Your objective: Under this line is a listing; return exactly the lines starting at the one with "2016 Porsche Cayenne" and running down to the one with "1500 5.7 V8", and leave out its pictures.

Material provided:
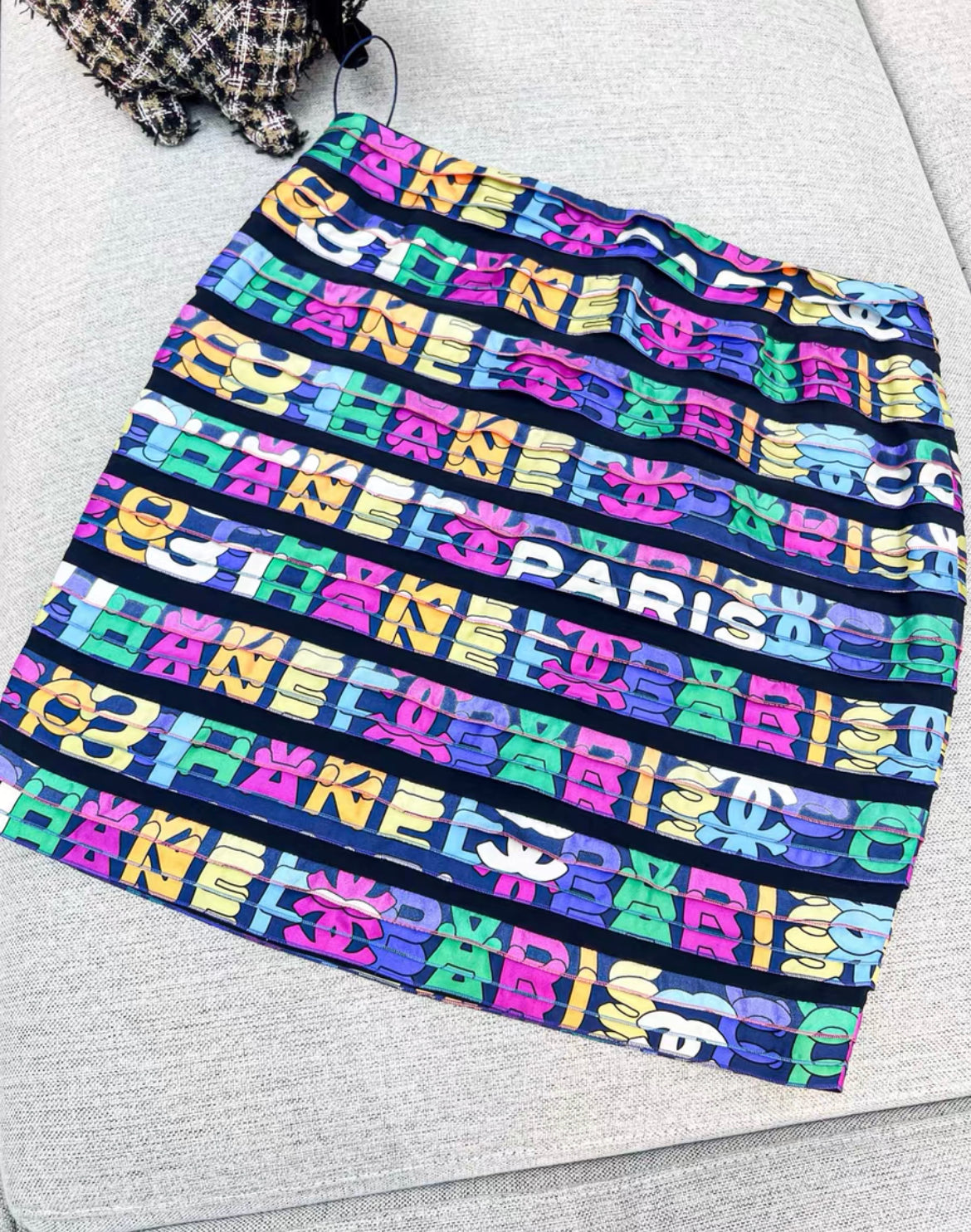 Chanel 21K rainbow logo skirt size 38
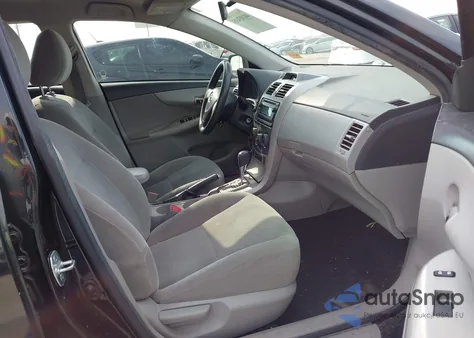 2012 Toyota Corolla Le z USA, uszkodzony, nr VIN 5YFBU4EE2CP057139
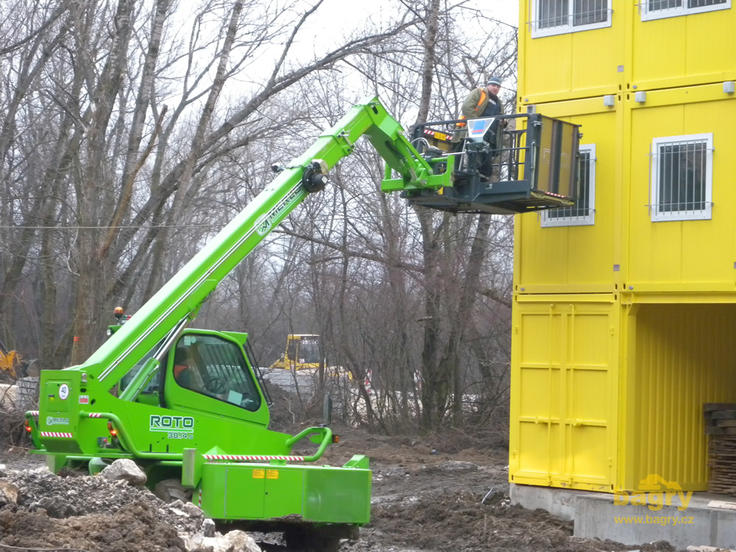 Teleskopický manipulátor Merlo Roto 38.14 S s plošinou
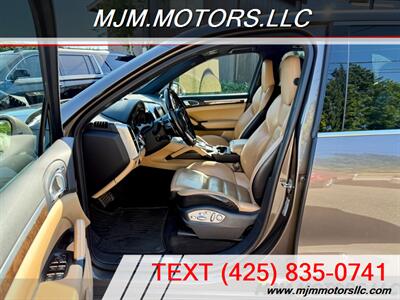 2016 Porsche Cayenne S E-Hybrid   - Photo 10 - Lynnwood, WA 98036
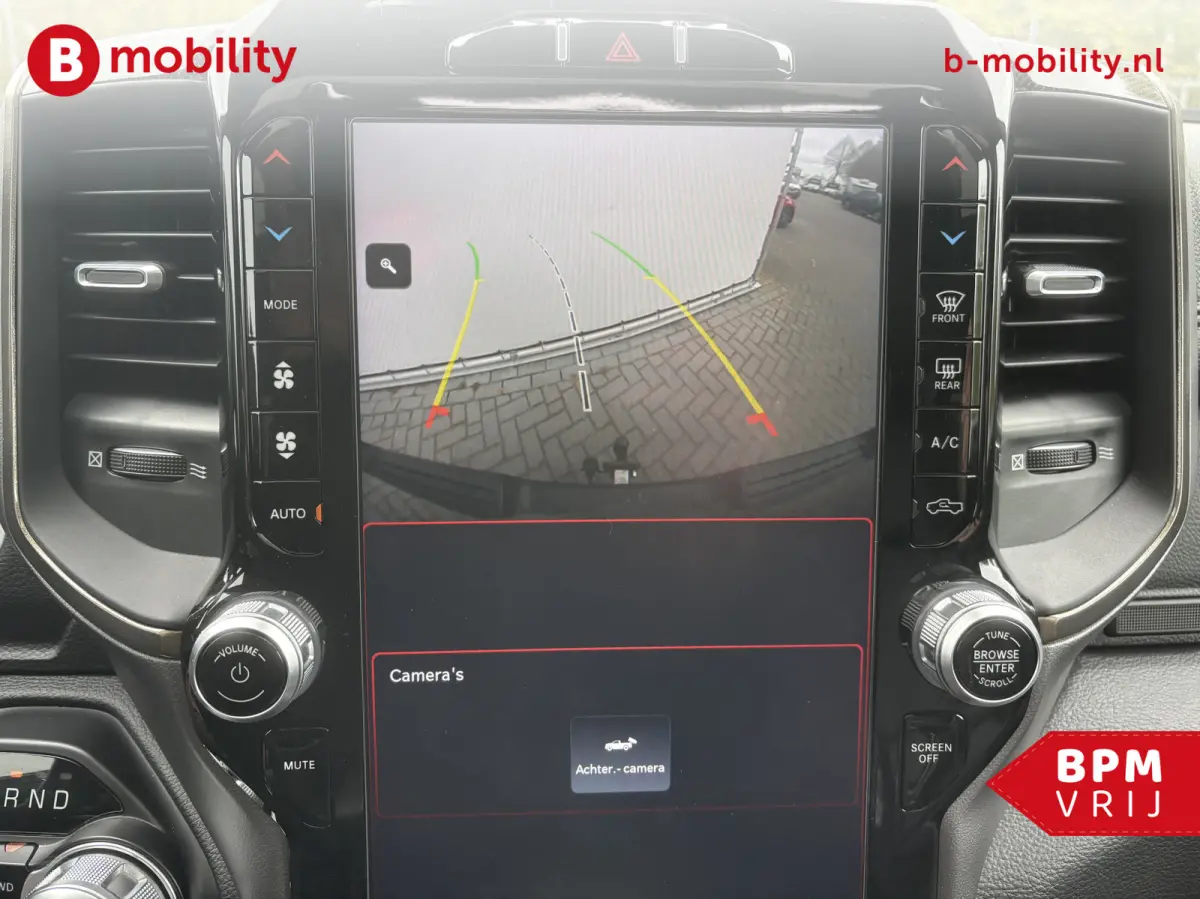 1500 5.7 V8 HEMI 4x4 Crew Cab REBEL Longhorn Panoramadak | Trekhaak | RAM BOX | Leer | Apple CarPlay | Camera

--

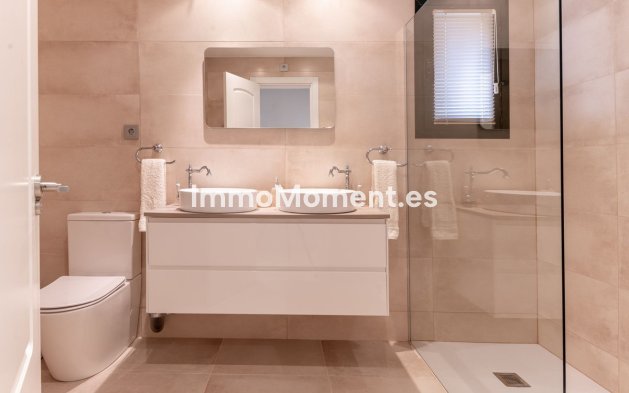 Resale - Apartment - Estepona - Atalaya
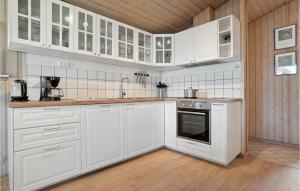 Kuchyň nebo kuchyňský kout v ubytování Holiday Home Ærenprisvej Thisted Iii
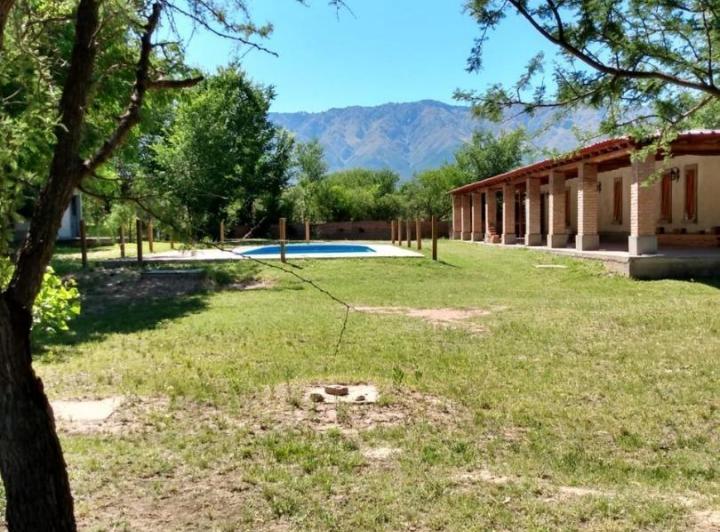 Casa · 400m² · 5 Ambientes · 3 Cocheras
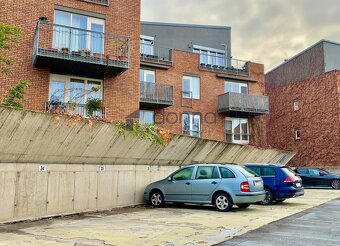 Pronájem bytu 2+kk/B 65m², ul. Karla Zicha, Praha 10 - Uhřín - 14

Response to this task:
 2016 Porsche Cayenne S E-Hybrid   - Photo 10 - Lynnwood, WA 98036
 1500 5.7 V8 HEMI 4x4 Crew Cab REBEL Longhorn Panoramadak | Trekhaak | RAM BOX | Leer | Apple CarPlay | Camera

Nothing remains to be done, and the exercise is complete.